Linus Torvalds was born Dec 28, 1969 in Helsinki, Finland. It is not a big city-- only half a million people. Finland's population is just 5.2 million. Finland was a part of Russia from 1808 until 1917 and when Bolsheviks took power. Bolsheviks grated Finland independence Dec. I8, 1917. A lot of talented people from Russia, especially university elite from Saint Petersburg, escaped to it. That might at least partially explains the high quality of the University education in Finland and how it became a modern country: it's probably the same phenomenon that affected Taiwan, South Korea and West Germany. In such cases "Capitalist part" often serves as a major high-tech supplier of the "communist part": despite being on the opposite sides during World War II, Finland was one of the most important trading partners of the Soviet Union and filled huge state orders from across the border. Bilateral trade arrangements with the Soviet Union were very beneficial to Finnish economy, which made possible the emergence of Finland as a rich welfare state. When USSR was dissolved Finns had to go through a painful period of adjustment. During the recession of the 90's the unemployment rate peaked up to 15 - 20 % (0,5 million people).

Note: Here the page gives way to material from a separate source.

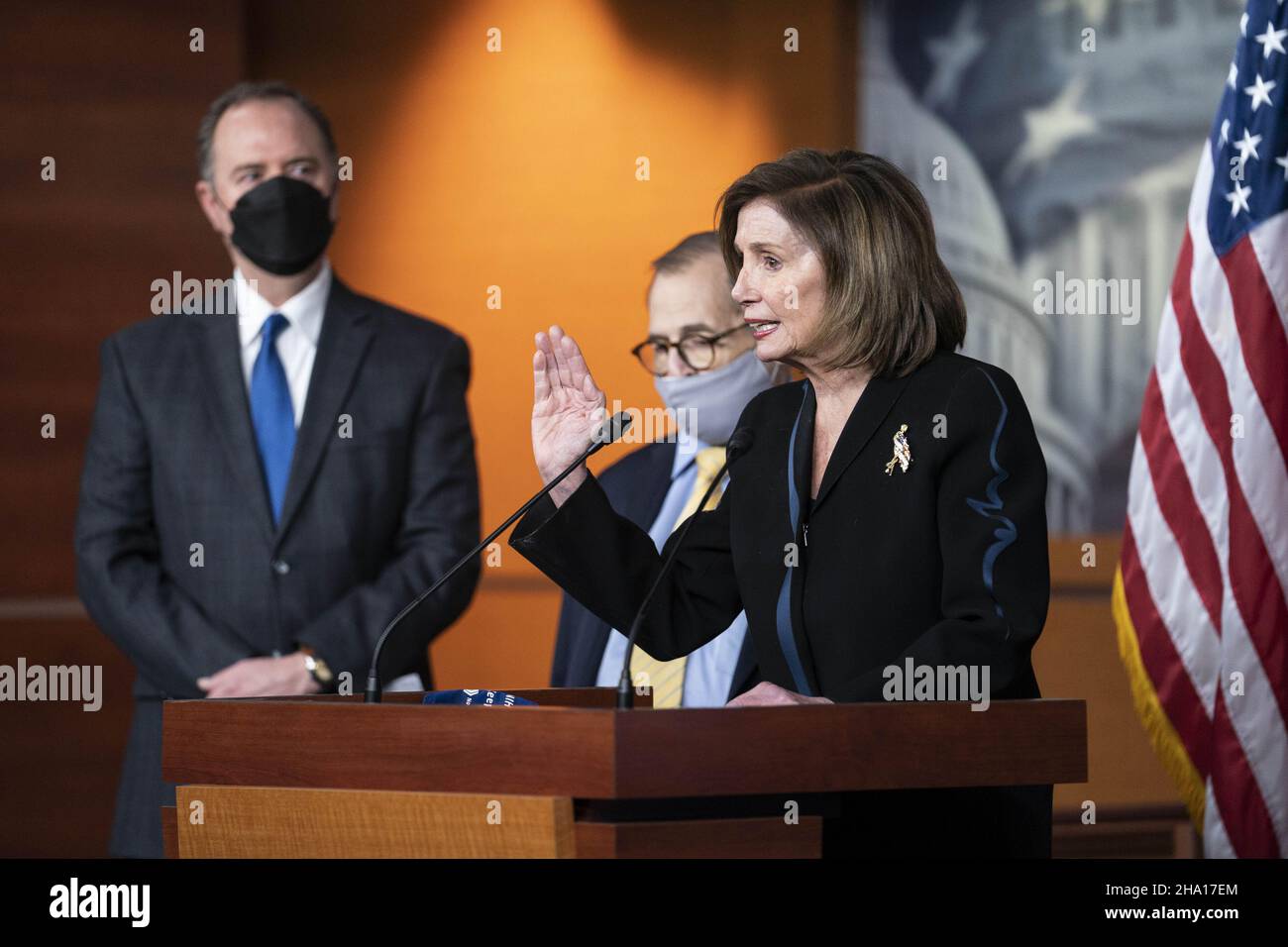 Washington, Usa. 09th Dez 2021. Die Sprecherin des Repräsentantenhauses, Nancy Pelosi, D-CA, spricht am Donnerstag, dem 9. Dezember 2021, während einer Pressekonferenz zum Protecting Our Democracy Act im US-Kapitol in Washington, DC. Das Gesetz ist ein Gesetzespaket, das demokratische Institutionen vor Machtmissbrauch durch zukünftige Präsidenten festmacht. Foto von Sarah Silbiger/UPI Credit: UPI/Alamy Live News Stockfoto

Finland economy recovered in 1995 and became a leading producer of mobile phones and member of the European Union.
The boy was named after physicist Linus Pauling and the philosophical "Peanuts'' character. In his book Rebel Code Glyn Moody wrote:
Torvalds is a rare surname: "There are probably something like twenty five people in the world with that last name," Linus says. "Torvald" is "a rather old-fashioned Nordic name," Linus explains. "You'll find it in Sweden and Norway. The genitive 's' is unusual, an old way of turning a regular name into the name of a farmstead--and from there into a surname." Linus explains that it was his paternal grandfather "who took the name for personal reasons, namely, that he didn't like his family." As a result, he says, "to my knowledge, all Torvalds in the whole world are [his] descendants." In other words, one of the most famous names in computing is "completely made up, and not more than two generations ago."

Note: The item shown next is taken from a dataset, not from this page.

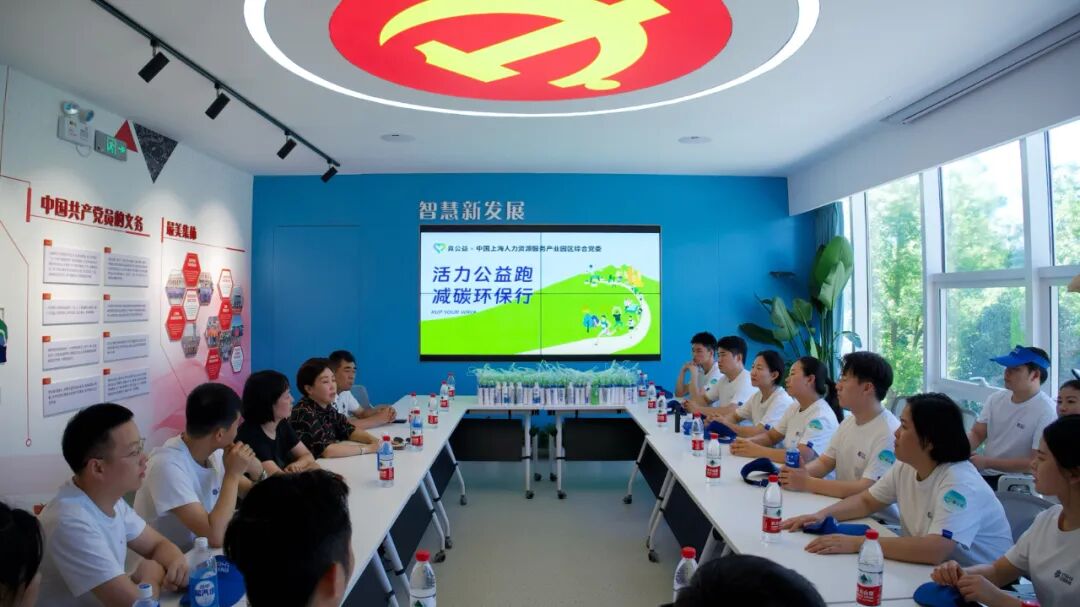 真公益 | 这抹云锐蓝，才是夏日心动“多巴胺”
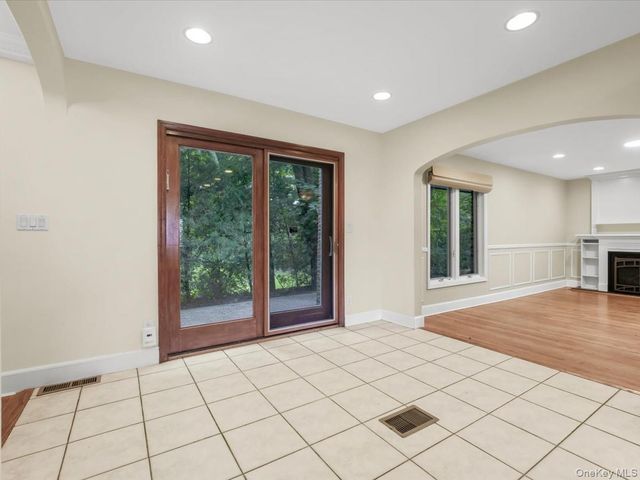 2 Amherst Road E, Great Neck, NY 11021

The Torvalds clan is notable not just for its unusually small size: A surprising number of them are journalists. Linus runs down the list: "My dad, Nils Torvalds: reporter for Finnish radio. His brother, my uncle, Jan Torvalds: Finnish TV. My paternal grandfather--the founder of the Torvalds clan, deceased--used to be a newspaper reporter, writer, and poet. My mom: Mikke (Anna) Torvalds: working at the Finnish News Agency too, but is moving more towards books and films."
The Torvalds family formed part of the Swedish-speaking community in Finland, about 300,000 strong in a total population of 5 million. That their mother tongue has nothing in common linguistically with the Finnish language that surrounds them has doubtless helped them become a very close-knit group. Reflecting this, Swedish speakers themselves call this society within society "Ankdammen"--the Duck Pond. One of Linus's friends from Helsinki, future fellow hacker Lars Wirzenius, says, "Almost all Swedish-speaking people know lots of other Swedish-speaking people, and the end result is that everyone either knows everyone, or knows someone who knows someone."
Both of his parents were campus radicals at the University of Helsinki in the 1960s, his father Nils a Communist who in the mid-1970s spent a year studying in Moscow.
His mother, Mikke Torvalds, was a sportswomen and a translator. It looks like she is a journalist by education, like his father. I found the following quote about Linus pretty interesting:
Linus was (and is) one of those. A single-minded knowledge-and-mastery fanatic, to use an even stronger word than his sister's "perfectionist" (which does sum it up nicely).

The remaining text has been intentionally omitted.